For the sake of art, I plan on keeping a reference sample. Although I hope in my heart that it never disappears off the shelf.
04th February, 2018

You Or Someone Like You by Etat Libre d'Orange

I adore this. I'm not usually a fan of mint, but this has a subtlety that makes it obvious, but not toothpaste-y. I agree with references to Herbal Fresca, but this is nicer, and closer to the discontinued and missed (by me) Comme des Garcons Mint (from the Green line).

I can't really pick out supporting notes - no doubt some citrus, some florals, etc. What I can say that something in here makes it last FOREVER. Unexpected in this genre. Thumbs up!
25th January, 2018

Dangerous Complicity by Etat Libre d'Orange

If there was one word to describe this, it would be "vague." It has some boozy elements, some fruity, some floral, but nothing really jumps out at you. It reminds me of Badgley Mischka, but less intense and more wearable. Basically another fruity-floral-patchouli, but nicer than most.

Nothing fascinating, but sometimes it's nice to just smell good, which this does.
21st January, 2018

Encens & Bubblegum by Etat Libre d'Orange

A brilliant accord of bubblegum (fruit/plastic) with a dark resin hiding beneath. I wish the incense was more intense, because it can easily be overlooked, but only a minor complaint.

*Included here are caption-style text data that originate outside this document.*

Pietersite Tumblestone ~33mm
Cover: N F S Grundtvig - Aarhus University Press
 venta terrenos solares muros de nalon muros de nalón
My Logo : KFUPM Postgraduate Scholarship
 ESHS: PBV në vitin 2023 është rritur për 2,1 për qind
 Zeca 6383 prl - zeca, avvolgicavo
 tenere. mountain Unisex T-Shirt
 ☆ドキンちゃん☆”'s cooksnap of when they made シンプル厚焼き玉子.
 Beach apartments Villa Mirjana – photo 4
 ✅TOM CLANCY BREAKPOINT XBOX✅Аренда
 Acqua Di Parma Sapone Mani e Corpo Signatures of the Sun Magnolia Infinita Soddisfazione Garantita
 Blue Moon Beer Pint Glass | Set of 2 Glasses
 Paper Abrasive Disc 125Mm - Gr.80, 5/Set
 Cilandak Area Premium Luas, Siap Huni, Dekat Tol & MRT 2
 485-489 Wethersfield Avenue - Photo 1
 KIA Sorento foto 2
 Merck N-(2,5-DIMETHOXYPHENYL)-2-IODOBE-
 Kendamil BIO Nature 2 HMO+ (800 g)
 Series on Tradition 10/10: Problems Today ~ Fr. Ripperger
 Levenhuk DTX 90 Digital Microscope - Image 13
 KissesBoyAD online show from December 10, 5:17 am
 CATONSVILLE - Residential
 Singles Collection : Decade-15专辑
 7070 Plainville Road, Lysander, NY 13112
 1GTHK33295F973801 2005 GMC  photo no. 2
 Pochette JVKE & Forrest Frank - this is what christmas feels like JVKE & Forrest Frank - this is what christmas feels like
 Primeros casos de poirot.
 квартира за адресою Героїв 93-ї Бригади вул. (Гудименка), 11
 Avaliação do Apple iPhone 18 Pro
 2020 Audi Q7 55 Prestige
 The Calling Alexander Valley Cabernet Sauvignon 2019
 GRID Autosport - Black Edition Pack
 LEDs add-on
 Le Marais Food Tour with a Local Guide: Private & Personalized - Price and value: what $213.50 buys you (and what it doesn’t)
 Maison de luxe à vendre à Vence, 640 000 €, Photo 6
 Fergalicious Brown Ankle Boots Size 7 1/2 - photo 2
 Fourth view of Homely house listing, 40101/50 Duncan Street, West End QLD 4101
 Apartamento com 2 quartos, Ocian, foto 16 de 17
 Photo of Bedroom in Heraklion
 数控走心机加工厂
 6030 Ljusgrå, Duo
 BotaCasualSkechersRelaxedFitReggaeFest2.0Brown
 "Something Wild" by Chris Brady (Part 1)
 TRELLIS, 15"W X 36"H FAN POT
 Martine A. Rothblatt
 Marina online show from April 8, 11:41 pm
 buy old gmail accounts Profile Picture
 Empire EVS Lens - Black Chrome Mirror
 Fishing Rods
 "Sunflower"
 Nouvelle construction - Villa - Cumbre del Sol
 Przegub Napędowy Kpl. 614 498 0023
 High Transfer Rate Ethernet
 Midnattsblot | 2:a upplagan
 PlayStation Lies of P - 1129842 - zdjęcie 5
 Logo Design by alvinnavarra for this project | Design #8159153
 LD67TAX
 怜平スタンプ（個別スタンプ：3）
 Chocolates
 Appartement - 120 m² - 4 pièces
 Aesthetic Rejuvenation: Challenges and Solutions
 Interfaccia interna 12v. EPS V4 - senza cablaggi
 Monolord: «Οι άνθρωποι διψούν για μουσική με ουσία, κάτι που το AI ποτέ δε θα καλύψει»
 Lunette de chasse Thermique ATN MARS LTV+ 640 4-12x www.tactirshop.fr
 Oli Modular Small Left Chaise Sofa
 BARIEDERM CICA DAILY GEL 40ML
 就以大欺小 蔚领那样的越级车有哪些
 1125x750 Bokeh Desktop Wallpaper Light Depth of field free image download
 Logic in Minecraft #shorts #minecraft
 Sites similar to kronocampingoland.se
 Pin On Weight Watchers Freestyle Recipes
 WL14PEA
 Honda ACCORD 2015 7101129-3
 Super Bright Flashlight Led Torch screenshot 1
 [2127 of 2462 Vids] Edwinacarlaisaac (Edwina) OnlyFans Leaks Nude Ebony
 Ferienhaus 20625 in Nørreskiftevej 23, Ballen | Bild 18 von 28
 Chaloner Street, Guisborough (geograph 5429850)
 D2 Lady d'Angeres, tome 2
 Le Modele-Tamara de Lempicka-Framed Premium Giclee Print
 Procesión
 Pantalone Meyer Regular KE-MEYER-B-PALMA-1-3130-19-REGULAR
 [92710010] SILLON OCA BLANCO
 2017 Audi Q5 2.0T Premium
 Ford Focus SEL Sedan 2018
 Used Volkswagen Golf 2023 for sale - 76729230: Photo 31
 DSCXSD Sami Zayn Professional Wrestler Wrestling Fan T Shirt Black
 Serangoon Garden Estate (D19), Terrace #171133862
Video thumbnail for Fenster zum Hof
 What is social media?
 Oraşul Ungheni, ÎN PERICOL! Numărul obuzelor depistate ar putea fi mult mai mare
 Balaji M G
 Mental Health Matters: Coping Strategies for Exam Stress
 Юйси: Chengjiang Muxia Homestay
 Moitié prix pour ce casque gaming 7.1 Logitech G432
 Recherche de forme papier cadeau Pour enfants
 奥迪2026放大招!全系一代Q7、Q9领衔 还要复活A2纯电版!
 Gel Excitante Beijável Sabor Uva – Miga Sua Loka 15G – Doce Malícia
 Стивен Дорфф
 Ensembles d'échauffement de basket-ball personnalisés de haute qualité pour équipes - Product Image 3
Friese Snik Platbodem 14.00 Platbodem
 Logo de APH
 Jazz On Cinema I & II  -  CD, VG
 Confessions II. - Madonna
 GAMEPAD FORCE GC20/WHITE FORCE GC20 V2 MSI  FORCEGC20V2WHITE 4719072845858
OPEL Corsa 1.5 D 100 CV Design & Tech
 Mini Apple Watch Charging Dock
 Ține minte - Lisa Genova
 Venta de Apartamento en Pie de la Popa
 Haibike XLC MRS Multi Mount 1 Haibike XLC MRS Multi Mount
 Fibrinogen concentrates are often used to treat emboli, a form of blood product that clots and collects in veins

Dusty, pink, and good fun.
03rd January, 2018

Eau de Protection / Rossy de Palma by Etat Libre d'Orange

Just when you think you've smelled every variation of rose, this comes along - a brilliant, blood red rose. The perfumer used a clever mix of dark notes to make the rose note ooze sultriness. Naughty and genius.
30th December, 2017

Gabrielle by Chanel

Another fruity-floral. Derivative, basic, fancy-shampoo smell. That being said, it's not terrible - the floral elements are "blended" so as to not smell of one particular flower - the fruits are not cheap or tropical.

Nice bottle, albeit a bit lighter and without the usual magnetic cap we see on most new releases.

Probably a good gift for someone you've never met.